Infine, manca una proposta sul dimensionamento della rete scolastica, sui parametri di distribuzione dell’organico ATA e sull’attribuzione delle risorse finanziarie alle scuole.

Le proposte della FLC: sistema unitario nazionale, rafforzamento dell’autonomia scolastica

L’uso di criteri oggettivi e conosciuti su tutto il territorio nazionali è un fatto positivo perché garantisce trasparenza nella distribuzione dei posti verificabile da parte dei cittadini e degli operatori scolastici. Sotto questo profilo il lavoro tecnico svolto dalla commissione è un lavoro buono. Ma il decentramento dell’istruzione necessita di un prerequisito: che sia chiara e condivisa la finalità del sistema di istruzione nazionale, i cui fondamenti devono appartenere a tutte le realtà territoriali. Allo stato attuale sono molti i bisogni insoddisfatti della scuola pubblica a causa dei tagli dissennati voluti dal Governo.
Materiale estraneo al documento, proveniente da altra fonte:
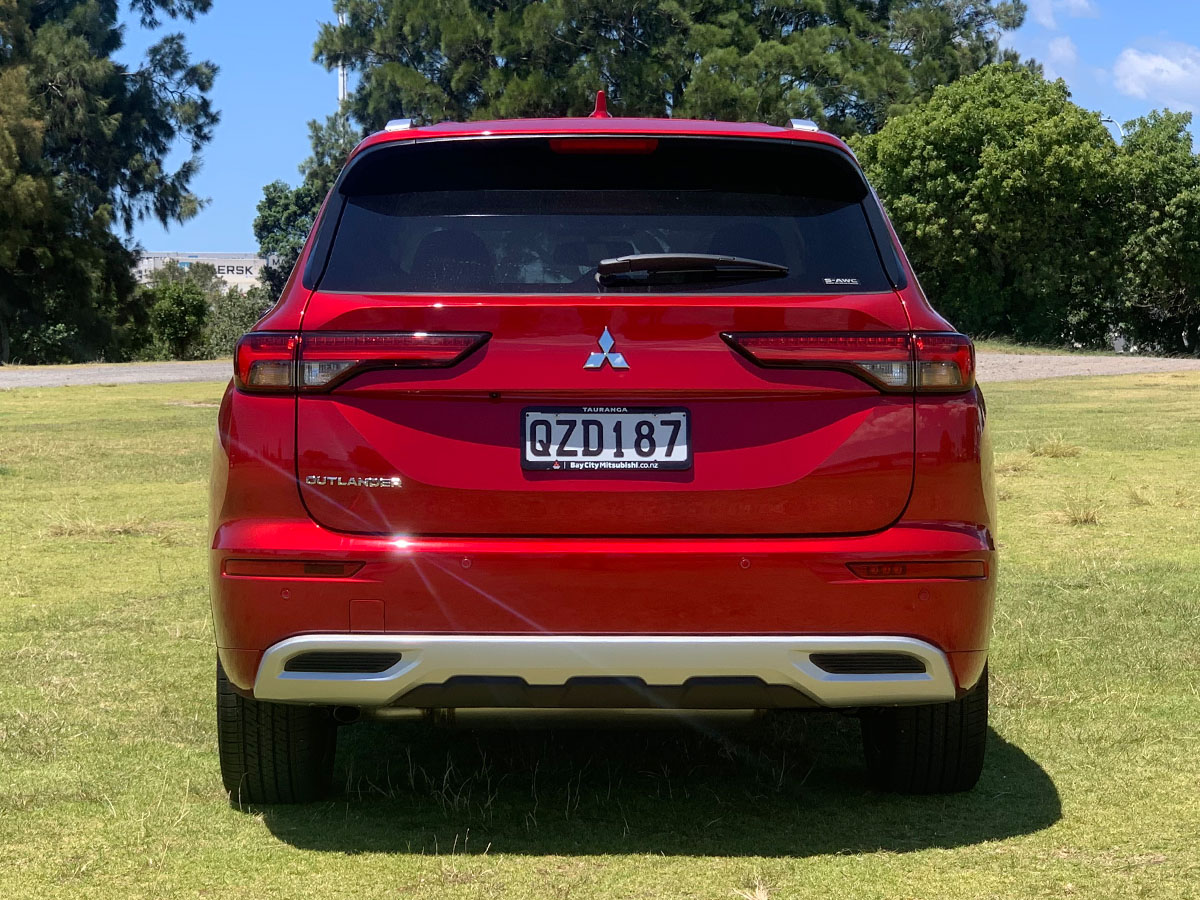 2024 Mitsubishi Outlander VRX 2.5L 4WD 7 Seater CVT Auto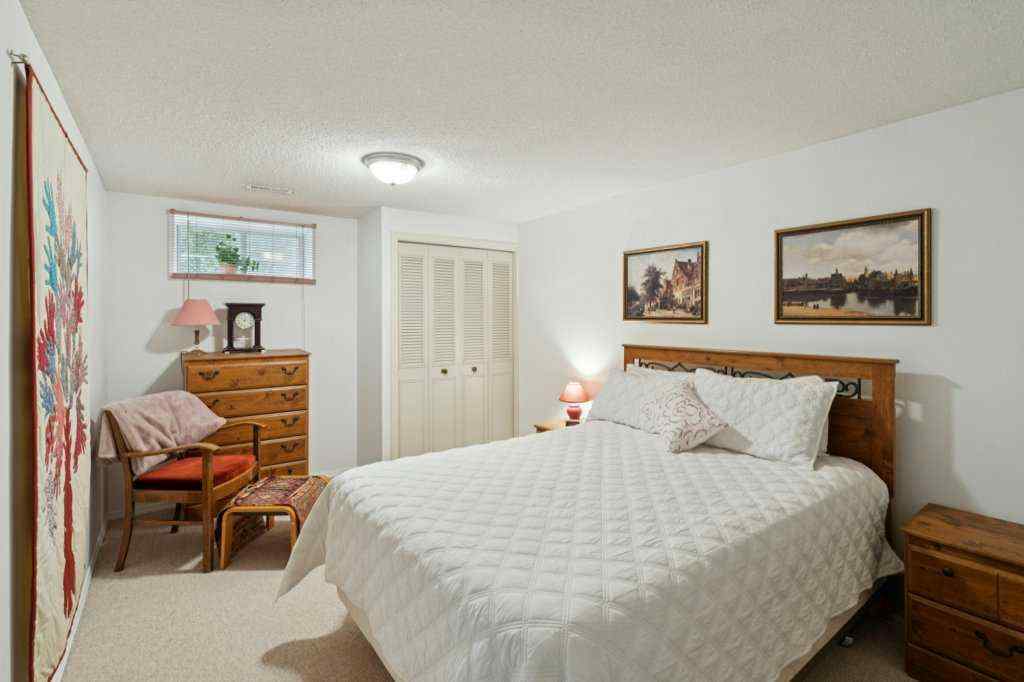 MLS® A2252232 - 318 Oakhill Place SW in Oakridge Calgary, Residential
Siamo preoccupati che il processo di decentramento federalistico porti ad una maggiore frammentazione del sistema di istruzione anziché rafforzare il sistema pubblico.

A parere della FLC è necessario, nel discutere i criteri sulla distribuzione delle risorse professionali e finanziarie, individuare con chiarezza i livelli essenziali delle prestazioni a garanzia della qualità del servizio.
Per fare questo è necessario:

  • Individuare uno standard nazionale dell’istruzione valido per tutte le regioni, per evitare sperequazioni a danno degli studenti in base alle appartenenze territoriali. La scuola deve offrire dovunque una qualità media adeguata alle finalità del sistema. Serve, quindi, aprire una discussione sulle dimensioni economiche e sociali di questo standard, su chi lo deve pagare e sulle priorità programmatiche della spesa pubblica, sapendo che ci muoviamo in un'area, l’Europa, le cui identità anche economiche sono fondate sulla conoscenza.
  • Determinare gli organici e i finanziamenti, su base triennale, per garantire l’erogazione del servizio in modo programmato e stabilizzato. Attribuire alle scuole una dotazione di organico funzionale è condizione per la qualità della didattica. Il punto di partenza debbono essere gli ordinamenti a cui aggiungere un surplus di risorse per dare attuazione al piano dell’offerta formativa e rispondere alle istanze del territorio. Questo surplus serve a mettere le scuole nelle condizioni di superare alcune sofferenze “storiche”. Ad esempio, servono ad evitare la faticosissima chiamata dei supplenti saltuari che non consente un efficace rapporto didattico ed è economicamente molto dispendiosa. Sun primo passo è superare la distinzione tra organico di fatto e organico di diritto, coprendo tutti i posti vacanti in organico di fatto (sostegno e spezzoni). Le spese per le supplenze brevi si potrebbero trasformare in posti di lavoro da attribuire alle scuole.

Abbiamo chiesto che su queste proposte si apra un ampio confronto, dando la massima disponibilità a trovare insieme a tutti gli interlocutori criteri e modalità per organizzare e distribuire al meglio le risorse professionali e finanziarie alle scuole. Questo nella convinzione che il nuovo assetto istituzionale debba essere ispirato ai principi costituzionali di solidarietà e unitarietà del sistema nazionale.

La presidente della Commissione Istruzione si è dichiarata disponibile ad avviare un confronto in sede tecnica per implementare il lavoro che oggi ci è stato illustrato.